On their musical journey, Ward Hayden & The Outliers – currently Josh Kiggans on drums and percussion, Cody Nilsen on guitar and pedal steel, and Handsome Greg Hall on bass – have cut albums with such noted producers as Boston studio legend Paul Kolderie (Radiohead, Hole, Warren Zevon, Morphine, The Mighty Mighty Bosstones, Uncle Tupelo) and roots rock guru Eric Ambel (Nils Lofgren, Marshall Crenshaw, The Bottle Rockets, Blue Mountain). South Shore returns them to recording in Hayden’s Atlantic coastal homeland with producer Rob Loyot, who recorded Ward’s first three albums, and who Hayden feels “might be my musical soulmate.”

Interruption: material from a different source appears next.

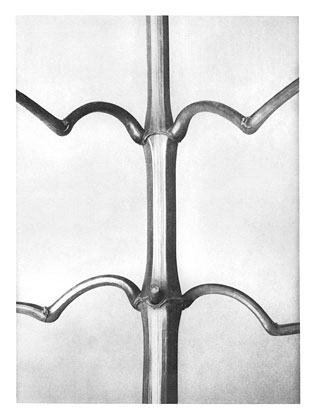 Art Forms in Nature 19 (1928) - Karl Blossfeldt Tablo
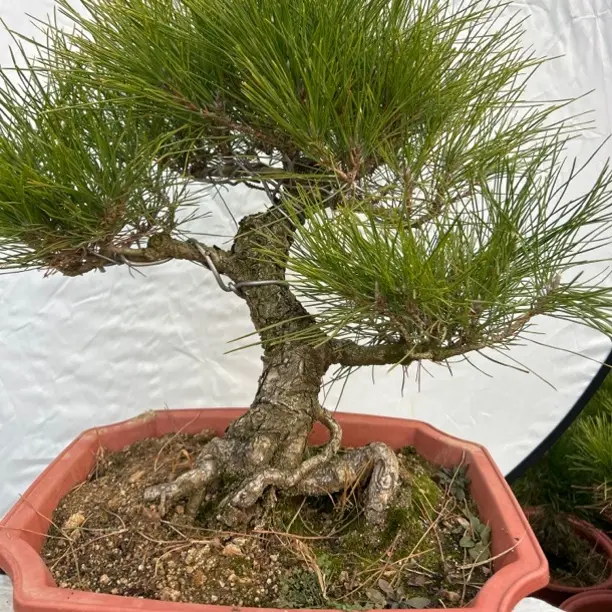老桩黑松五针松造型盆景美观精品小苗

Hayden’s career playing his “own brand of American roots music that satisfies like homemade apple pie” (Farmington Valley Times) has had benefits and challenges that he both enjoys. “I had a hankering and a desire to have some adventure and to just get out there and see the country and hopefully see the world. I’ve just been traveling around almost non-stop for pretty much my entire adult life,” Ward concludes. “Once I made the decision to do this, I knew it would be a roller coaster. I was obviously hoping for good things to happen, but it’s been ups and downs. For me, it’s been about hanging in there through all aspects of the ride and whether things are going well or when things get tough, not giving up.”